El mito, decía Pavese, es contar algo de una vez para siempre: contar un cuento muchas veces y que nunca se agote su misterio, contarlo a través de los siglos y que sea siempre una revelación y al mismo tiempo un enigma. Después de ver la Suite Vollard de Picasso en las nuevas salas de la Fundación Mapfre en el paseo de Recoletos he buscado la historia del Minotauro en un diccionario de mitología griega, en las Metamorfosis de Ovidio, en ese relato de Borges que se titula La casa de Asterión. El Minotauro de Picasso tiene un cuerpo de hombre fornido pero ya no joven y un cabezón ciclópeo más de bisonte que de toro, aunque su destino sea morir en la luz cruel de la plaza y no en las tinieblas del laberinto. Para que una claridad excesiva no dañe el papel en el que están impresas, las estampas se ven en una sala casi en penumbra. Viniendo del fulgor de la calle, el lugar ya tiene algo de galería de un laberinto, sobre todo si es una hora temprana en un día laboral y no hay más visitantes.

Picasso ya no despierta la misma reverencia incondicional y abrumada de antes, lo cual sin duda es una ventaja a la hora de distinguir, en su obra innumerable, la parte más sólida, la que en vez de diluirse o desacreditarse se afirma con el paso del tiempo. Hay algo literalmente monstruoso en una fama excesiva: monstruoso porque desbarata la figura humana de un artista, volviéndolo tan superior a las figuras y los logros de los demás que hace de ellos insectos o simples adoradores; y monstruoso también porque al aislarlo a él, al elevarlo insensatamente, lo convierte en un monstruo, una criatura deforme y misántropa que se alimenta del tributo de la adoración y nunca tiene bastante, que sólo tolera la cercanía de personas serviles a las que sin embargo desprecia, condenado por su misma soberbia y por la sumisión de los demás a una soledad terrorífica. La idea del artista genial, un invento del romanticismo exagerado hasta el delirio en la época de las celebridades globales, cada vez me produce más desconfianza. Nadie merece tanta admiración. Nadie está tan por encima de sus contemporáneos ni de sus semejantes. El talento, como cualquier capacidad humana, es siempre limitado, y está bien que sea así; y también, como cualquier otra capacidad que se desarrolla mucho, tiende al desequilibrio: se es muy bueno en el razonamiento matemático a costa de un cierto grado de indiferencia hacia la vida cotidiana y las cosas tangibles; llegar a ser un sabio en un campo de conocimiento por fuerza significa ser ignorante en casi todos los demás.

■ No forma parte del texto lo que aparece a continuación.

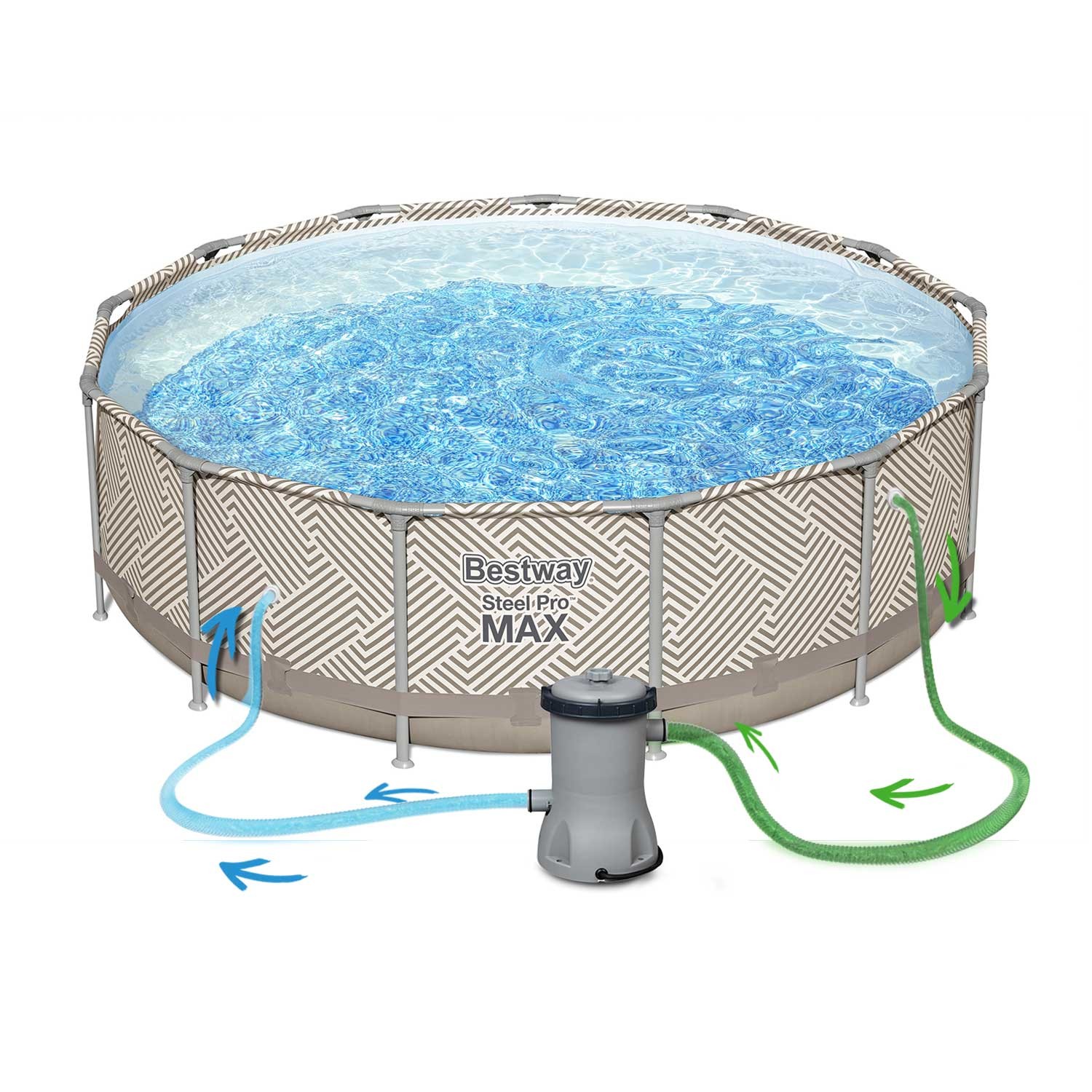 Záhradný bazén s rámom 396 x 107 cm 11-v-1 Bestway 561FY – Obrázok 7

En los grabados de la Suite Vollard, en los que trabajó de manera intermitente en la primera mitad de los años treinta, Picasso inventa variaciones sobre el tema de Pigmalión y el del Minotauro, el escultor que se enamora de la figura femenina que él mismo ha creado y el monstruo cautivo de su laberinto cuyo único trato humano es con las víctimas jóvenes que se ofrecen como tributo para su antropofagia. En ambas series la mujer es más o menos la misma, muy joven, carnal, de pelo liso y cara apacible, entre rendida y absorta, tan pasiva en su papel de modelo como en el de amante del Minotauro, que unas veces la abraza delicadamente o la envuelve en su bárbara corpulencia erizada de pelambre y otras parece que la embiste con la brutalidad de los apareamientos mitológicos entre doncellas humanas y dioses transformados en animales.